§ TASK ITEM:
The lines below, from the one containing "Te Koop | Het" through the one containing "Sony PS4 Slim", should be set down exactly, with no pictures and nothing else.
*** Opening of INFORMATION ***
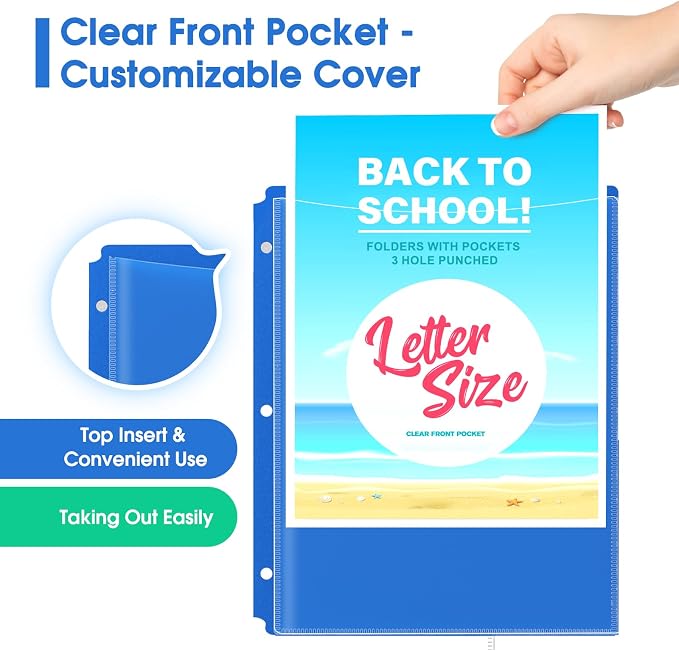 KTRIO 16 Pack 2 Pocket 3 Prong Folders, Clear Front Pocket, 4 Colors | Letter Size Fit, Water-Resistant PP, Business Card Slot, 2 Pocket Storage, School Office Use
*** Close of INFORMATION ***
*** Opening of INFORMATION ***
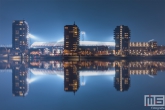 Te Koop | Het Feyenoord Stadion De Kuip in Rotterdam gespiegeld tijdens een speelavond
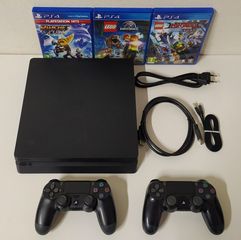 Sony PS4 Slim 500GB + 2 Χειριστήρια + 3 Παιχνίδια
*** Close of INFORMATION ***
§ EXERCISE RESULT:
 Te Koop | Het Feyenoord Stadion De Kuip in Rotterdam gespiegeld tijdens een speelavond
 Sony PS4 Slim 500GB + 2 Χειριστήρια + 3 Παιχνίδια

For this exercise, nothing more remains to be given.